▶ _Stored items_:
━━━━

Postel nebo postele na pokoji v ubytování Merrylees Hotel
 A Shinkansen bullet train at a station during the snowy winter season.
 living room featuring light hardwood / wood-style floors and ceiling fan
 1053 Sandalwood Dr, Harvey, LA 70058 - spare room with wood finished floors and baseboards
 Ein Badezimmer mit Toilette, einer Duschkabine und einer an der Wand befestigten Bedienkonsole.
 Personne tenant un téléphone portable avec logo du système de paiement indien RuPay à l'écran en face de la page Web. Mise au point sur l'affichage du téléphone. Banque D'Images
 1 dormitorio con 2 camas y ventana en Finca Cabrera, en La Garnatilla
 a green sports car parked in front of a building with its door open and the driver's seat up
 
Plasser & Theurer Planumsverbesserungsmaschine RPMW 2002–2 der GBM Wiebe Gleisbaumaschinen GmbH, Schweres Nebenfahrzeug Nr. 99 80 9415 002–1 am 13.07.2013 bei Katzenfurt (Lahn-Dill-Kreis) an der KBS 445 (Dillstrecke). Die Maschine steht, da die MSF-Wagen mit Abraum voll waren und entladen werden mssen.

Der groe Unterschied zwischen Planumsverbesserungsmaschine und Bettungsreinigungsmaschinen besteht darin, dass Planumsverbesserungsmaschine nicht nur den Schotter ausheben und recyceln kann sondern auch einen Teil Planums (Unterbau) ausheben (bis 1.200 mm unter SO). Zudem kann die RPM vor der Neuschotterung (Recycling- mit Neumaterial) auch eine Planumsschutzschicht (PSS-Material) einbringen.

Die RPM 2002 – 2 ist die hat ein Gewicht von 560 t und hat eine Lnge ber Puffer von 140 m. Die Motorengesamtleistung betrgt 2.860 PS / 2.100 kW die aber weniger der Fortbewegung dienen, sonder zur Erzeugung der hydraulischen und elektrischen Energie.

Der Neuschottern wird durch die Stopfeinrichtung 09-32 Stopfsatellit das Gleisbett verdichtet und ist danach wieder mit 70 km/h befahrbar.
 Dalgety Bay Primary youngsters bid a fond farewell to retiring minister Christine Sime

━━━━

▶ _Exercise prompt_: In the data above, how many lines carry the string "room"? Only the number should be given.

▶ _Reply_: 2